Note that for --skyframe_state, the target label is omitted from the query expression. More details on this flag can be found here.

Comparing Aquery Outputs With aquery_differ

There are times when there’s a need to compare two different aquery outputs (for instance: when you make some changes to your rule definition and want to verify that the command lines being run is still the same). aquery_differ is the tool for that.

# The tool is available at
$ bazel run //tools/aquery_differ -- \
--before=/path/to/before.proto \
--after=/path/to/after.proto \
--input_type=proto \
--attrs=cmdline \

The above command returns the difference between the before and after aquery outputs (e.g. which actions were present in one but not the other, which actions have different command line/inputs in each aquery output, ...).

With this blog post, we declare aquery stable and supported by the Bazel team.

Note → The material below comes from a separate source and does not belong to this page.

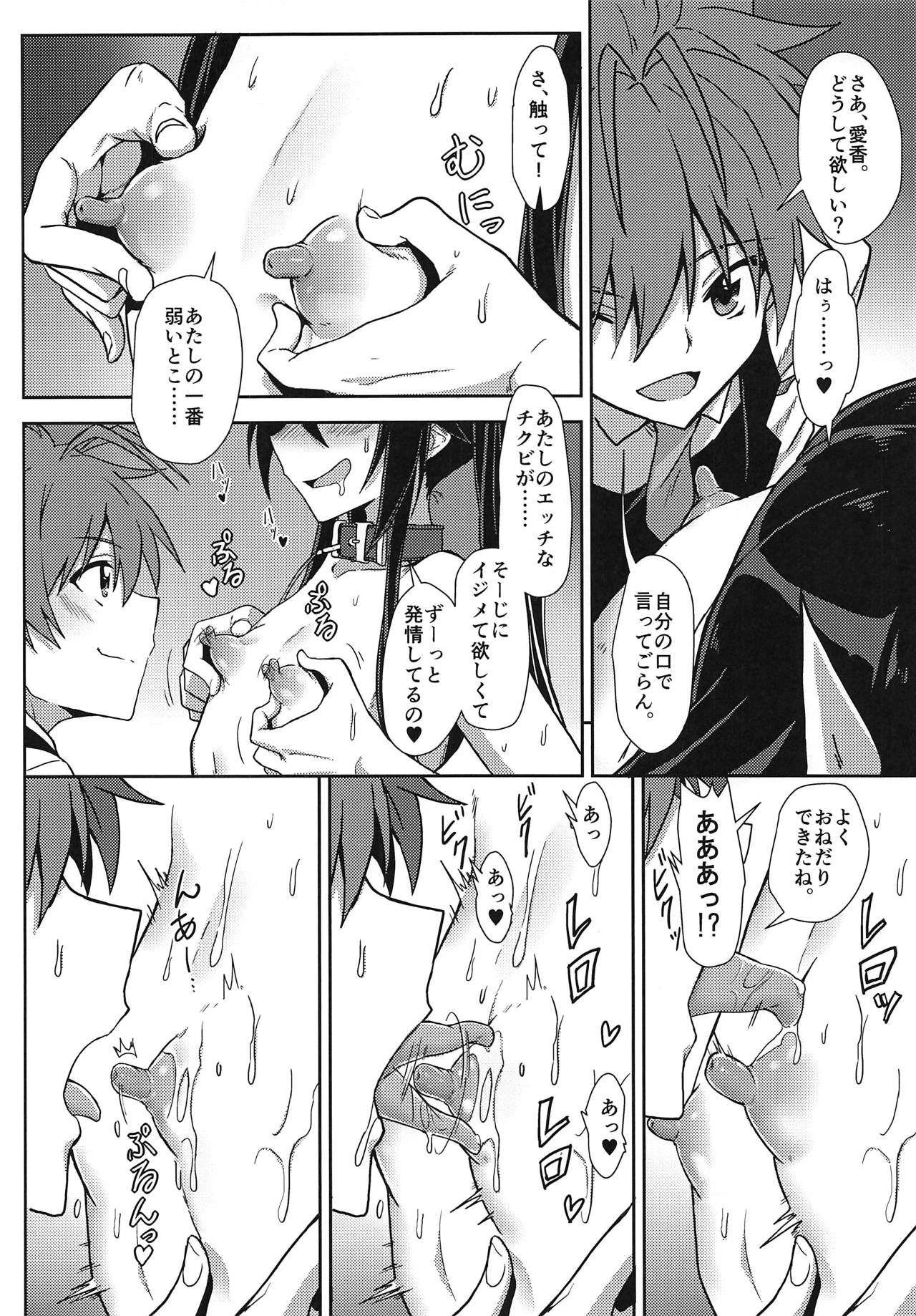 (C95) [Engoutenma (yuto)] Hinnyuu de Chikubi ga Yowai Aika-san no Ichinichi (Ore, Twintail ni Narimasu.) page 13 full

Please give it a try and let us know what you think! For more details on aquery, check out the aquery documentation.

1: In the actual implementation of Bazel, we interleave _loading & analysis phases. The “Target Graph” at the end of Loading phase is only materialized with bazel query and not in actual builds._

2: For a more detailed overview of the action graph, check out Jin’s blog post.

3: Skyframe is the evaluation and incrementality model of Bazel. On each instance of Bazel server, Skyframe stores the dependency graph constructed from the previous runs of the analysis phase.